Biological foundations of the incest taboo

Volokh, Eugene VOLOKH at law.ucla.edu
Mon Mar 8 10:41:45 PST 2004


	As I promised in an earlier message, I've tried to look into this
question.  Unfortunately, I've only been able to take a very cursory glance;
and I'm no expert on the subject.  But I'm happy to say that my memory
wasn't utterly failing me:  Matt Ridley, "The Red Queen" pp. 282-86 (1993)
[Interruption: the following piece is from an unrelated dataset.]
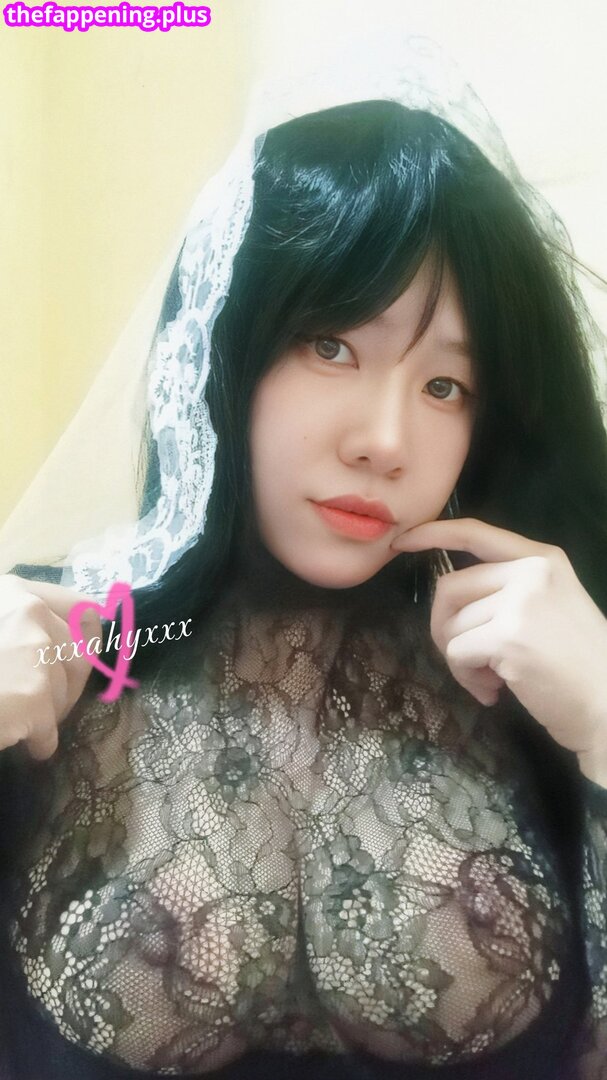 Agatha / xxxahyxxx नग्न OnlyFans फोटो #2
mentions this, and cites sources; E.O. Wilson mentions the same in an
interview at http://www.2think.org/hii/wilson.shtml; and a fellow lawprof
who used to be an anthropology professor echoed this view, and pointed to,
among other things, N. Bischoff, "Biological foundations of the incest
taboo, Social Science Information, 9:7-36 (1972) ("an old-ish article that's
good," my friend said, though please note that I haven't read it myself.
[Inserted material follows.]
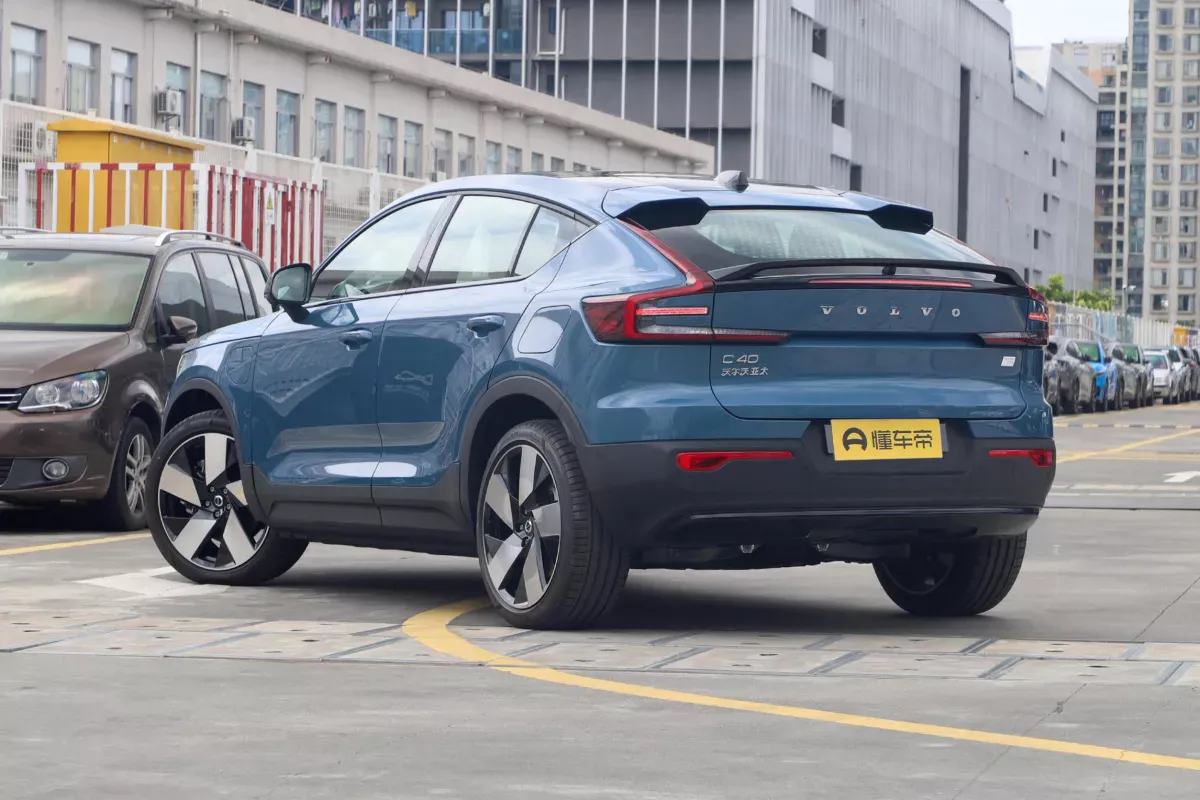 Volvo C40 фото 3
	I do not for a moment want to suggest that this citation is
scientific proof that there is indeed a biological foundation here; I had
originally thought that the biological foundation was fairly well-settled,
but I realize from comments of others on the thread that it is not.  Still,
since people asked for some support for my initial assertion, I thought I'd
at least forward a few cites that show that there is serious support for the
biological foundation hypothesis as well.